» MATERIAL SHOWN
--------
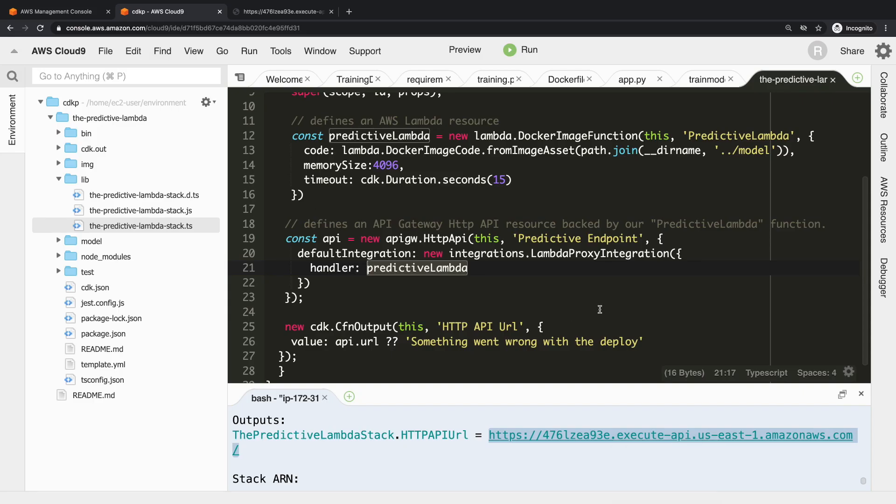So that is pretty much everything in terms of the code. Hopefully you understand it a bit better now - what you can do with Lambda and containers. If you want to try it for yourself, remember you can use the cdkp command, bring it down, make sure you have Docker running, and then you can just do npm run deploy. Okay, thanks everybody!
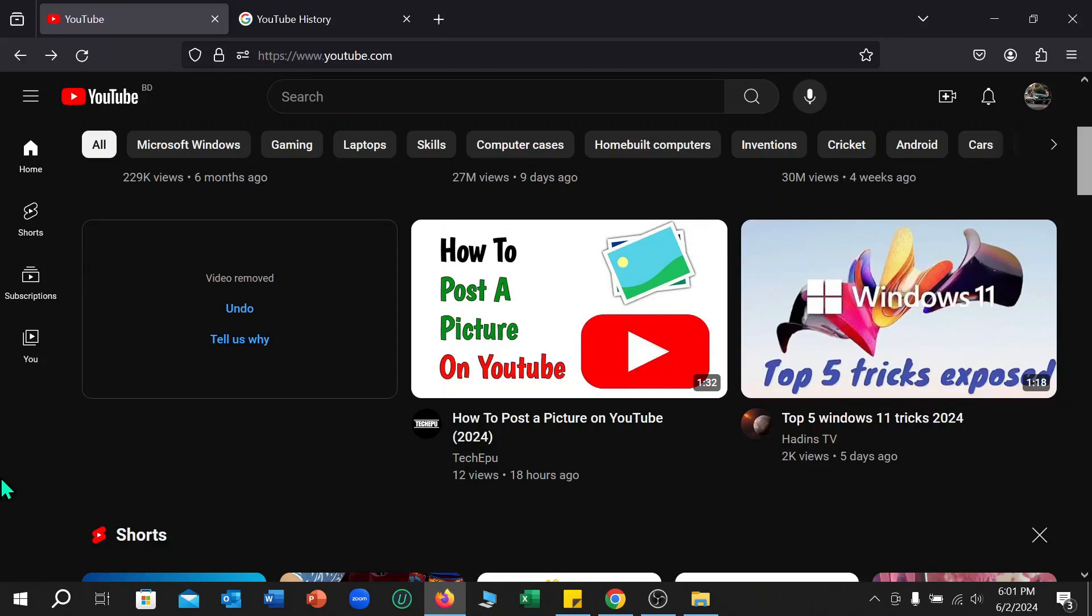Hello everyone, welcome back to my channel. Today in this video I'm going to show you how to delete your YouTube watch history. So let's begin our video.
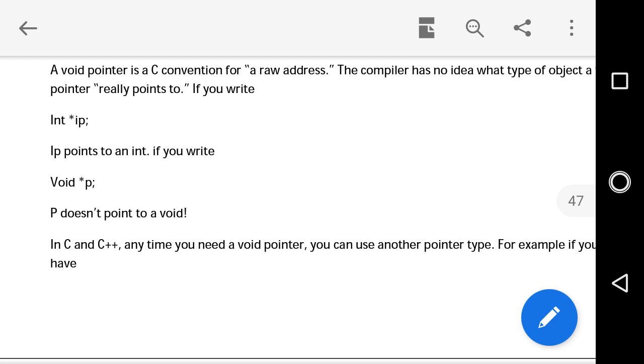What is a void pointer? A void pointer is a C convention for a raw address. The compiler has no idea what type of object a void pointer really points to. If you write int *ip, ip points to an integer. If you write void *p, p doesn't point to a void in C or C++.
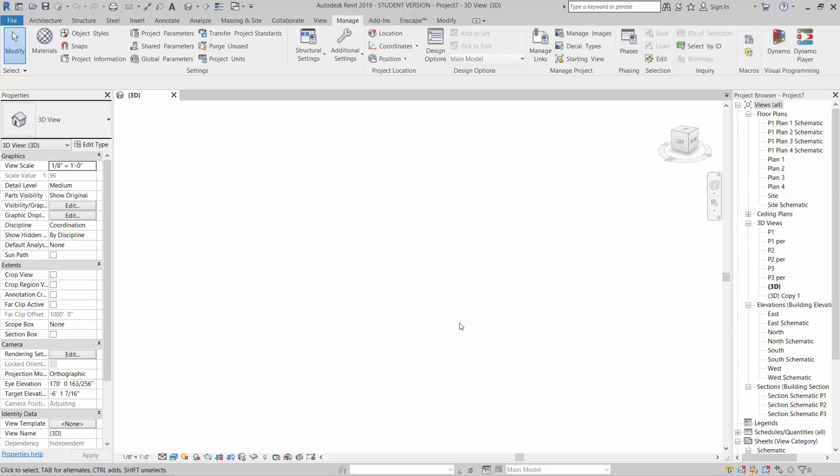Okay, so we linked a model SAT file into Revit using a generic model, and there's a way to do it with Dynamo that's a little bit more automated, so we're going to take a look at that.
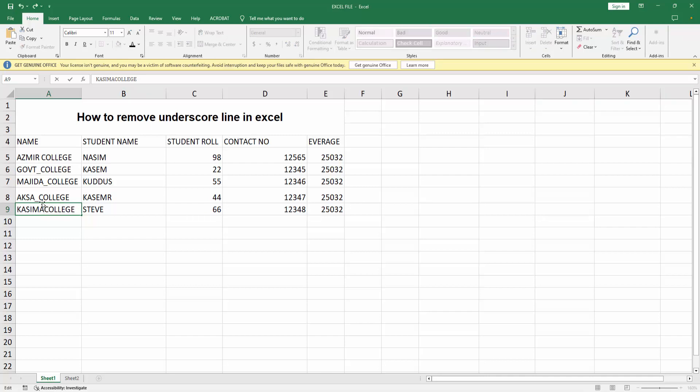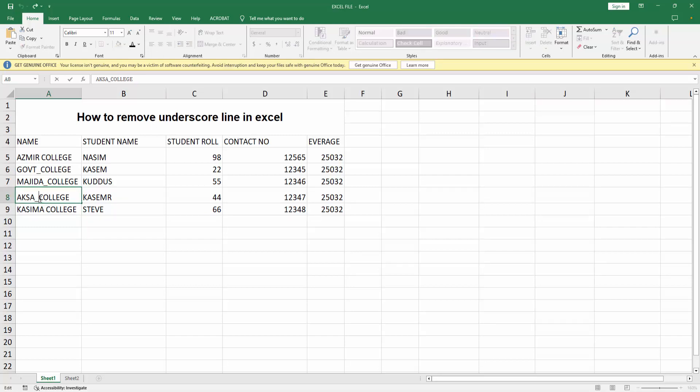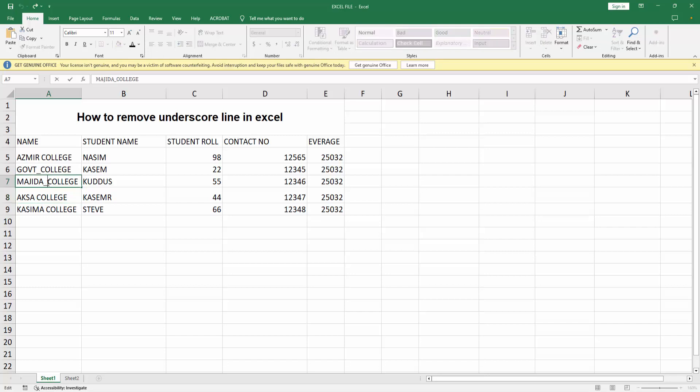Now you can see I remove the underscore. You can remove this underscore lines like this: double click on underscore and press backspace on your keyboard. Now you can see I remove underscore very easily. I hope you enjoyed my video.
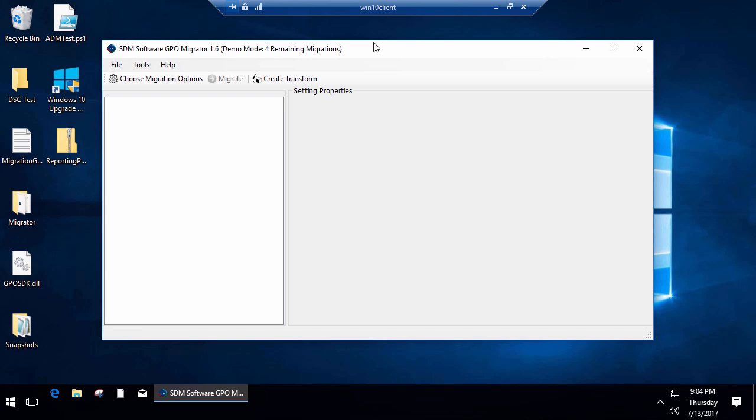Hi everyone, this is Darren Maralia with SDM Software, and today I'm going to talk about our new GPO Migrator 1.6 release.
--------
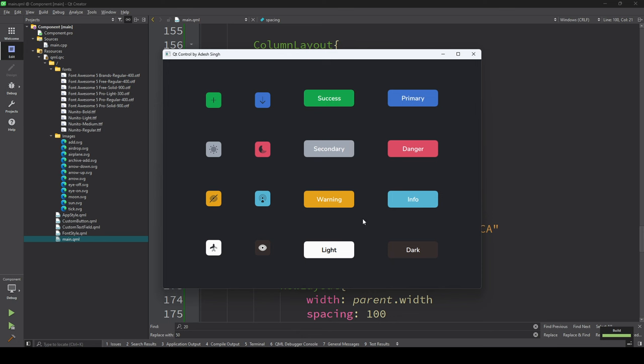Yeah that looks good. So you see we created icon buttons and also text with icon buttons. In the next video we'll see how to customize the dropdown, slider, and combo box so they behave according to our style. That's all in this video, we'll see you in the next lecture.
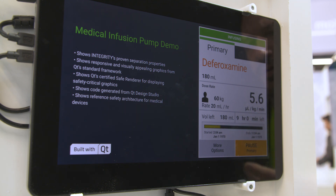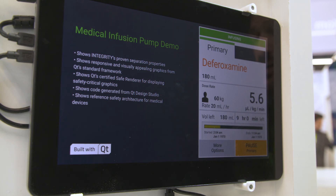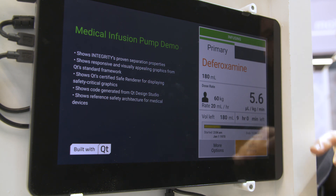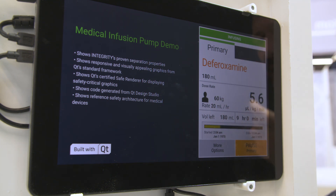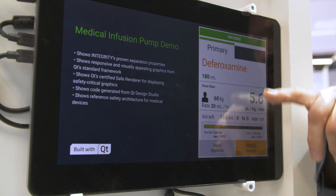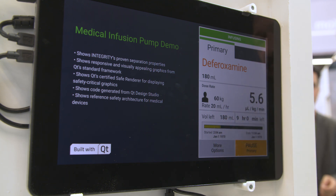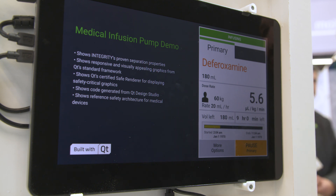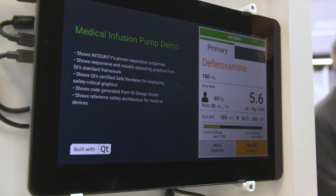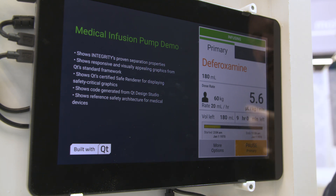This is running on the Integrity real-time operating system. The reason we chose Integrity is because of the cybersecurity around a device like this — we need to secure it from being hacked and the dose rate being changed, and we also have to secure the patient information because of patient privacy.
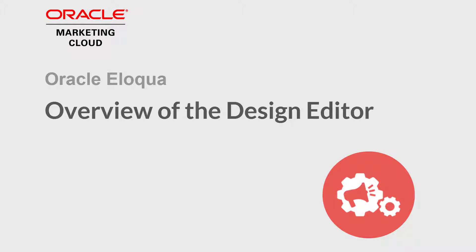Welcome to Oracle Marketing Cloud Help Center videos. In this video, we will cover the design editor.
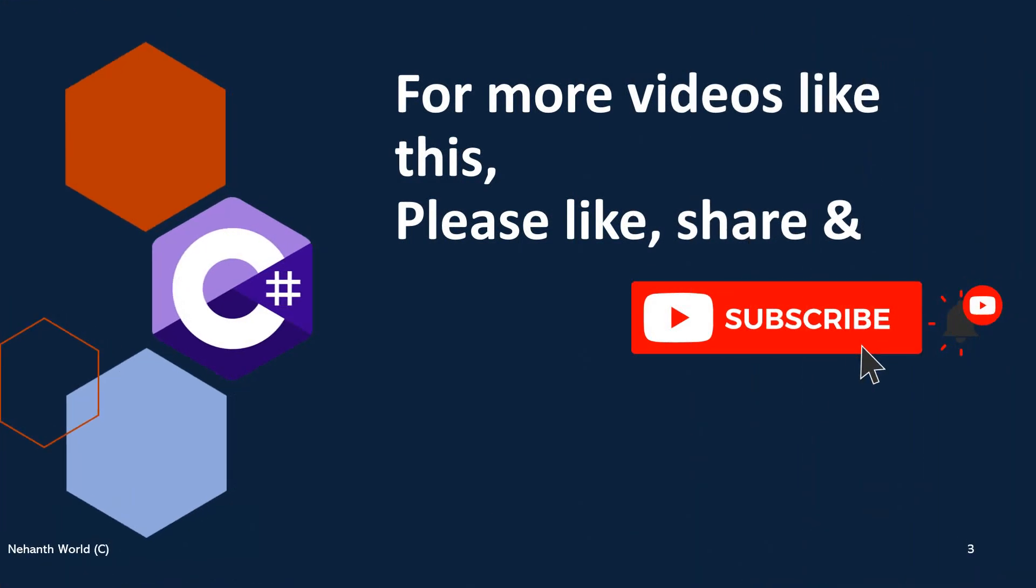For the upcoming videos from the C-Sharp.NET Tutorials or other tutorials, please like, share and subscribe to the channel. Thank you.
--------
Beginning with the line that contains "So that is pretty", write out the lines of the material above exactly, and end with the line that contains "Okay, so we". Omit the pictures.

So that is pretty much everything in terms of the code. Hopefully you understand it a bit better now - what you can do with Lambda and containers. If you want to try it for yourself, remember you can use the cdkp command, bring it down, make sure you have Docker running, and then you can just do npm run deploy. Okay, thanks everybody!
Hello everyone, welcome back to my channel. Today in this video I'm going to show you how to delete your YouTube watch history. So let's begin our video.
What is a void pointer? A void pointer is a C convention for a raw address. The compiler has no idea what type of object a void pointer really points to. If you write int *ip, ip points to an integer. If you write void *p, p doesn't point to a void in C or C++.
Okay, so we linked a model SAT file into Revit using a generic model, and there's a way to do it with Dynamo that's a little bit more automated, so we're going to take a look at that.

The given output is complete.